MAURICIO VALENZUELA, ZAIDA GONZÁLES, CLAUDIO PERÉZ, ALEJANDRO OLIVARES, NICOLÁS WORMULL, JULIA TORO
Curators: Christian Caujolle & Rodrigo Gomez Rovira
In our globalised world, does it still make sense to talk about Swedish, Chilean, French, South American or Chinese photography? Comparable themes and aesthetics are being developed all over the world; frontiers are crossed by file re-processing, composition, references to cinematographic images, appropriation, quotation, and the redefinition of documentary and narrative styles. Is it legitimate to categorise photographs by the countries where they are produced?
It is in moments of crisis and in the wake of trauma that the national dimension of a photograph comes through. In recent years, we have seen that in countries like Argentina or Cambodia, or Chile which is our focus today, the worst periods of violence or dictatorship generated similar processes, both during and after the tragedy. Without comparing the degree of violence or repression, or the position of photographers who choosing between clandestine activity and the total impossibility of expression, we find that the subsequent period brings comparable reconstruction sequences.
It is difficult in Chile, as in most Latin American countries, to talk of “Chilean” photography from the earliest days. Photography introduced by colonists or travellers established an imported model.
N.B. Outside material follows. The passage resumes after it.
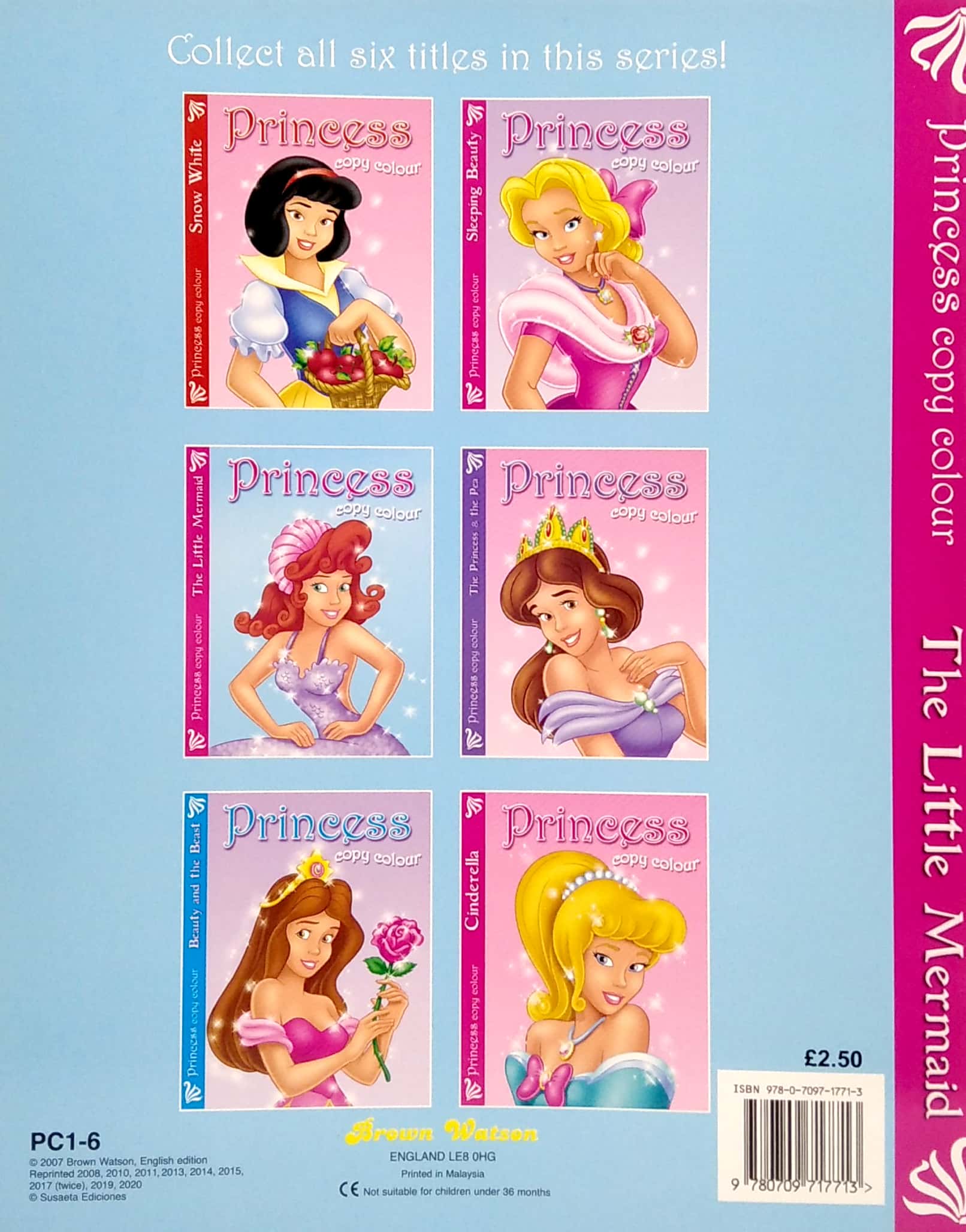 princess copy colour: little mermaid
Photography was not a way to affirm an identity, but a tool for exploring a territory, giving it form and sharing it.
Under the dictatorship, taking photos was an act of resistance by people anxious to testify that they understood, or were determined to document the oppression. When the dictator fell, photography, like the whole country, had to re-invent itself.
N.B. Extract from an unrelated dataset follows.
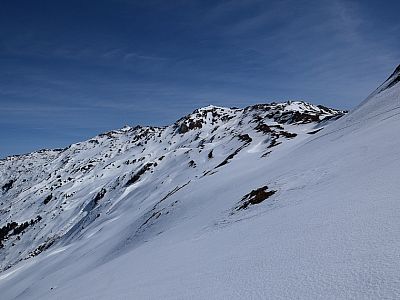 Die letzten Meter bis zum Sidanjoch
Photography was no longer characterised by its relationship to power. It once more became mainly an individual matter. But those who had chronicled the dictatorship felt lost, lacking a theme to serve as a reference point. The youngest, some of whom had gone into exile during the dark years, relied on international references unrelated to their “Chilean” identity. As in other countries with similar painful experiences, questions of identity and historical memory gravitated to the centre. But these concerns gave rise to widely differing aesthetics, leading photographers to make eclectic choices, to develop unique individual projects with none of the hallmarks of a national identity.
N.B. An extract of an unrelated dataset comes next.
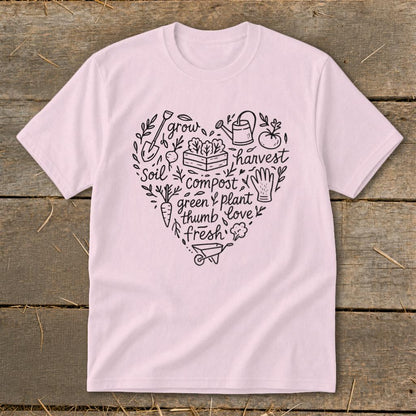Gardening Heart Youth Tee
Chilean photography today is international in its aesthetic, radical according to the needs of individual photographers, rich in diversities which impose a yet greater need for internal coherence in every creation. The post-traumatic situation drives artists to re-create a community, envisaging and analysing our times in an attempt to manifest the challenges affecting everyone in the world. This universal process has taken shape in a particular country which still remembers its recent history.